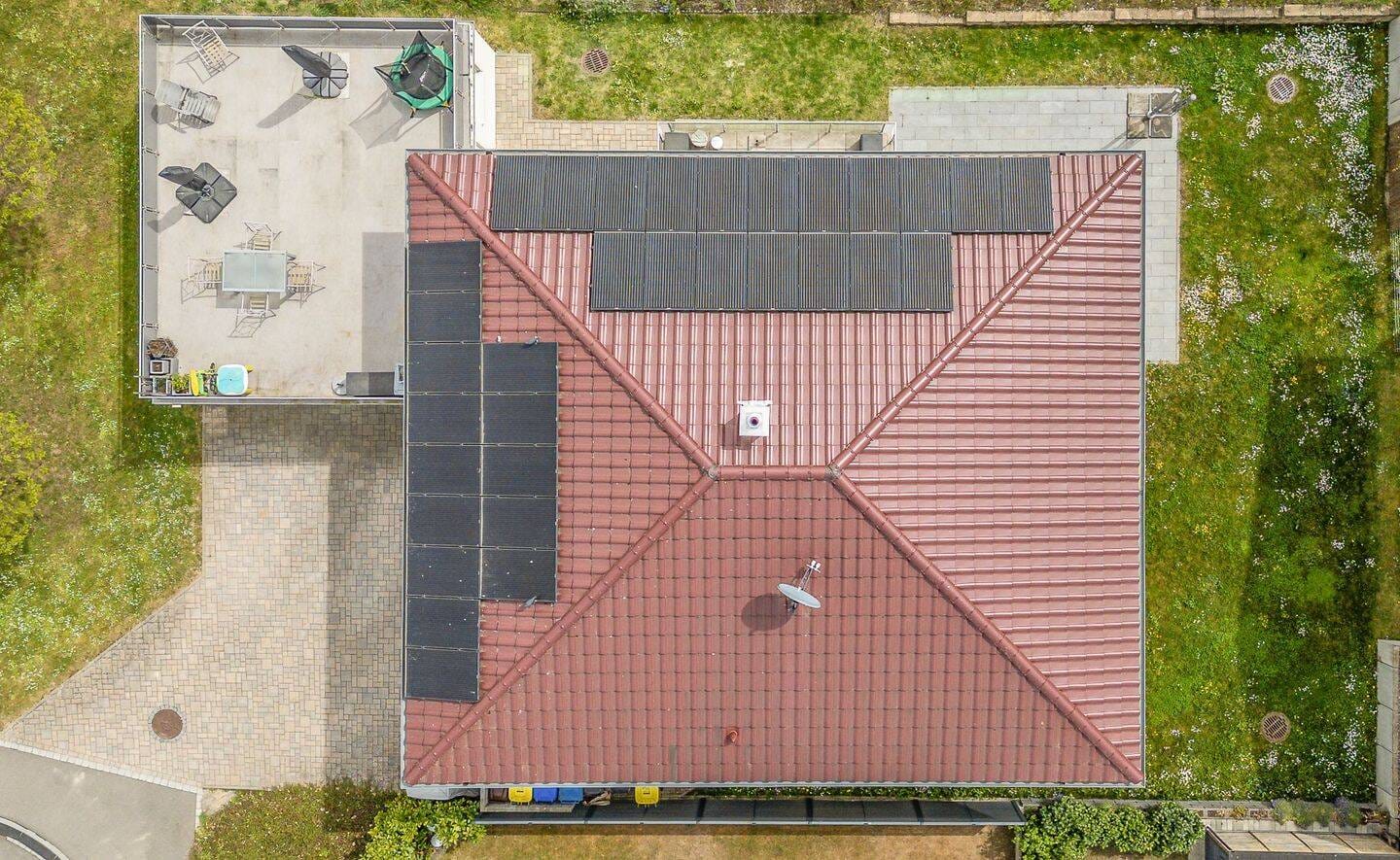 Immobilie in Volkertshausen - Modernes, freistehendes Zweifamilienhaus mit Freiblick & Südausrichtung in Volkertshausen - Bild 2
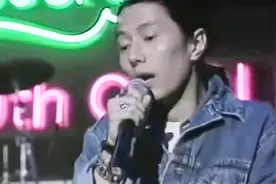 郑钧《赤裸裸》，94嘉士伯音乐节现场版！视频封面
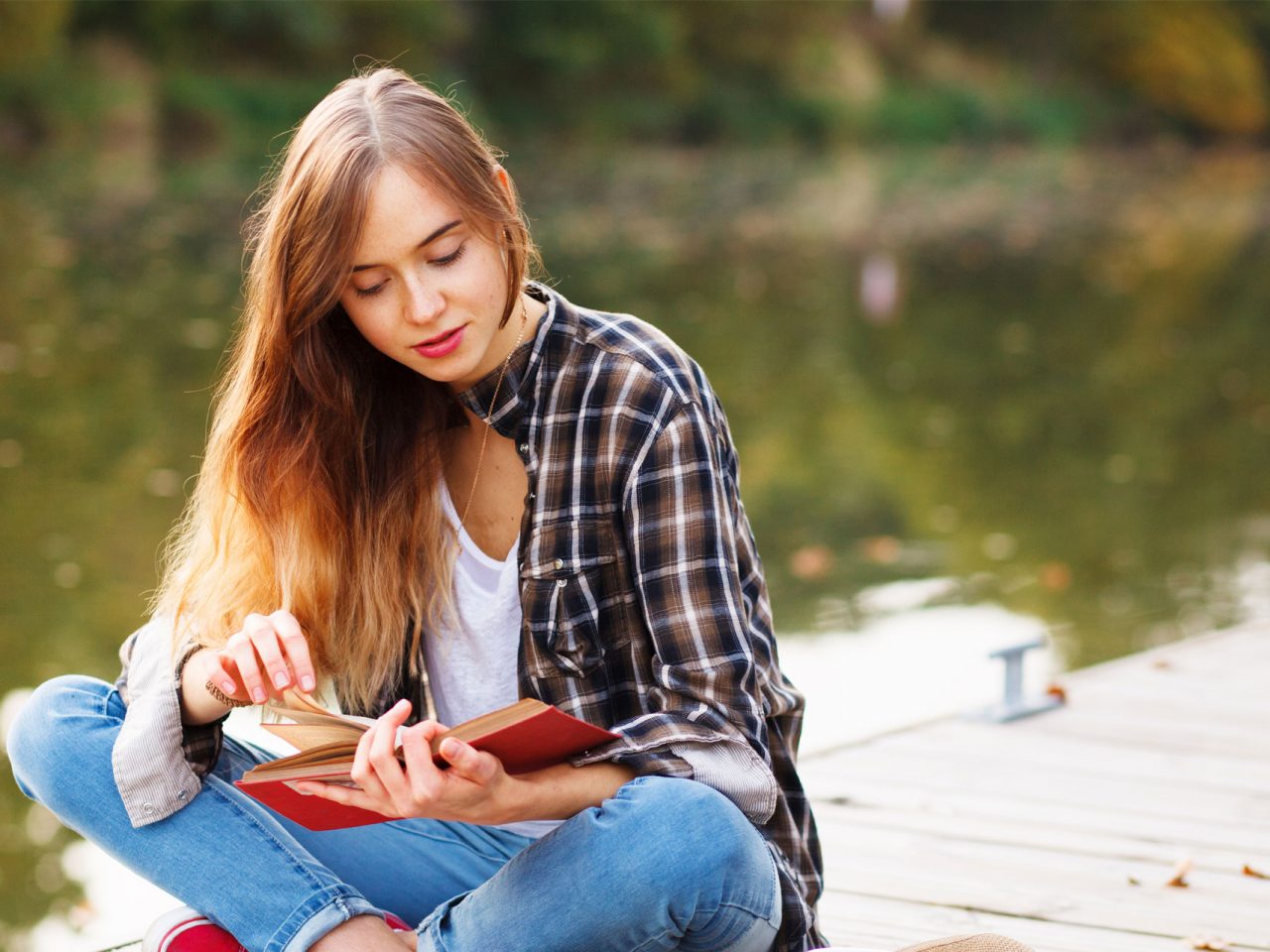 Reading area. Teens read. Reading teens ' tastes and.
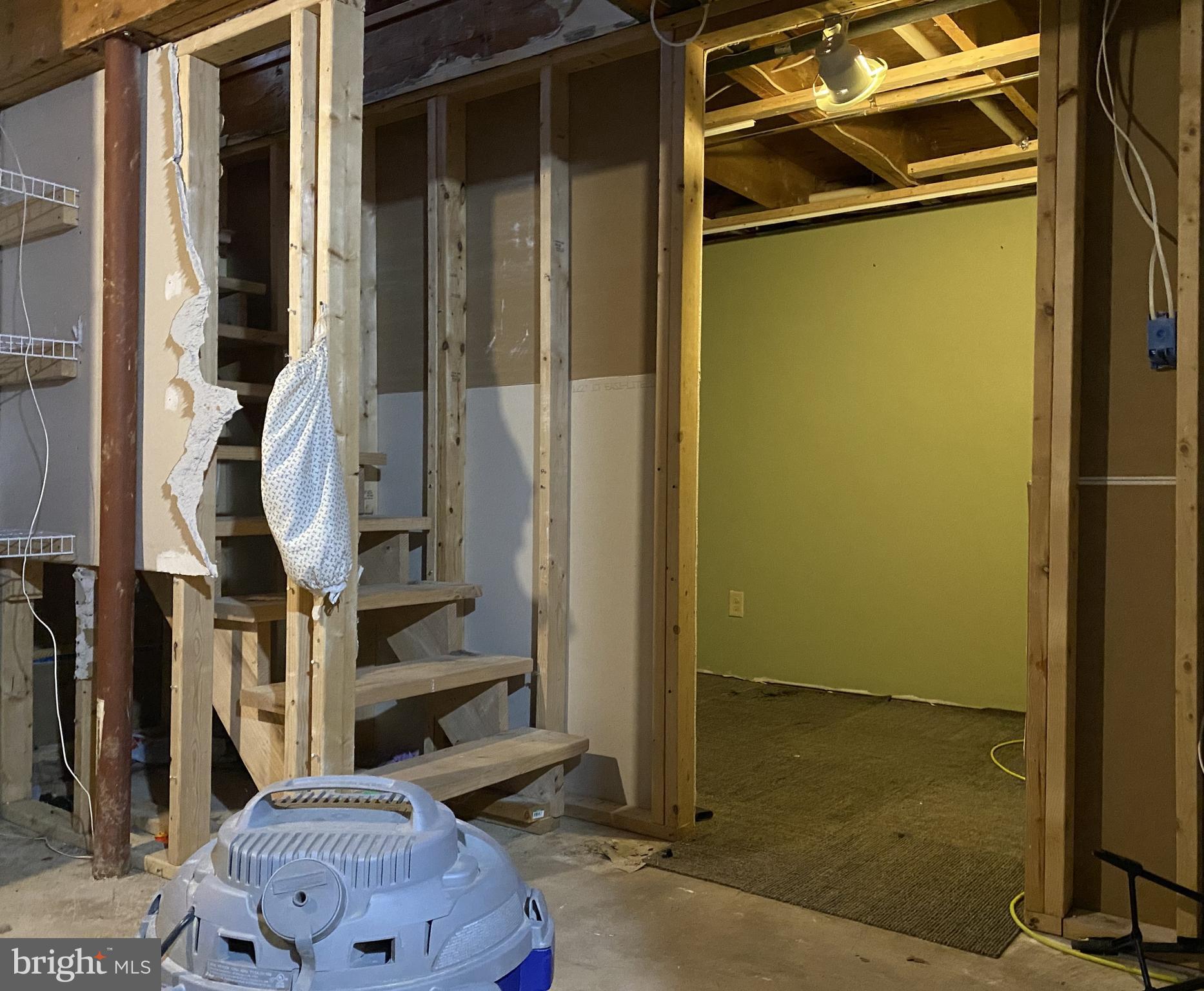 CRESAPTOWN - Residential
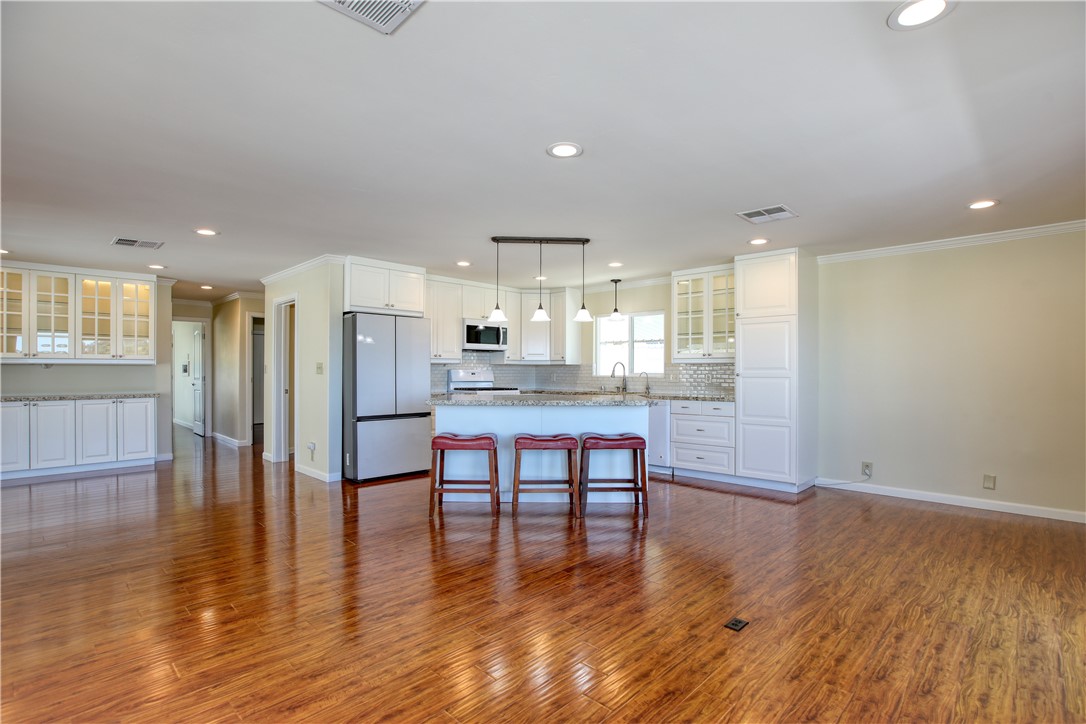 804 Glenoak Drive 232
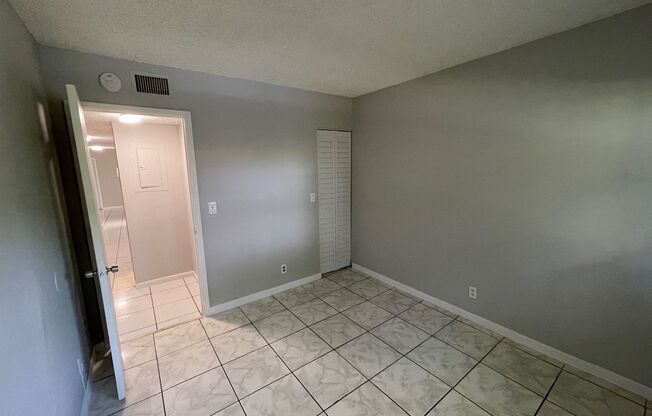 3 beds, 2 baths, 1,217 sqft, $2,300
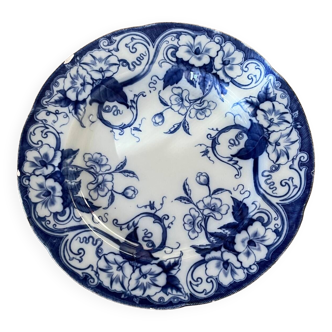 Old round dish Creil and Montereau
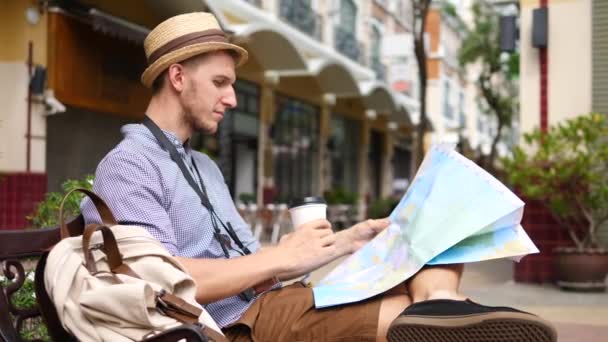 Man Tourist Reading Map E Beber Café. Conceito de Atividade de Lazer de Viagem . — Vídeo de Stock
———
- [AIM OF THE EXERCISE]: The result should be every entry, word for word, and no pictures.

- [RESPONSE FOR THIS EXERCISE]:
 Immobilie in Volkertshausen - Modernes, freistehendes Zweifamilienhaus mit Freiblick & Südausrichtung in Volkertshausen - Bild 2
 郑钧《赤裸裸》，94嘉士伯音乐节现场版！视频封面
 Reading area. Teens read. Reading teens ' tastes and.
 CRESAPTOWN - Residential
 804 Glenoak Drive 232
 3 beds, 2 baths, 1,217 sqft, $2,300
 Old round dish Creil and Montereau
 Man Tourist Reading Map E Beber Café. Conceito de Atividade de Lazer de Viagem . — Vídeo de Stock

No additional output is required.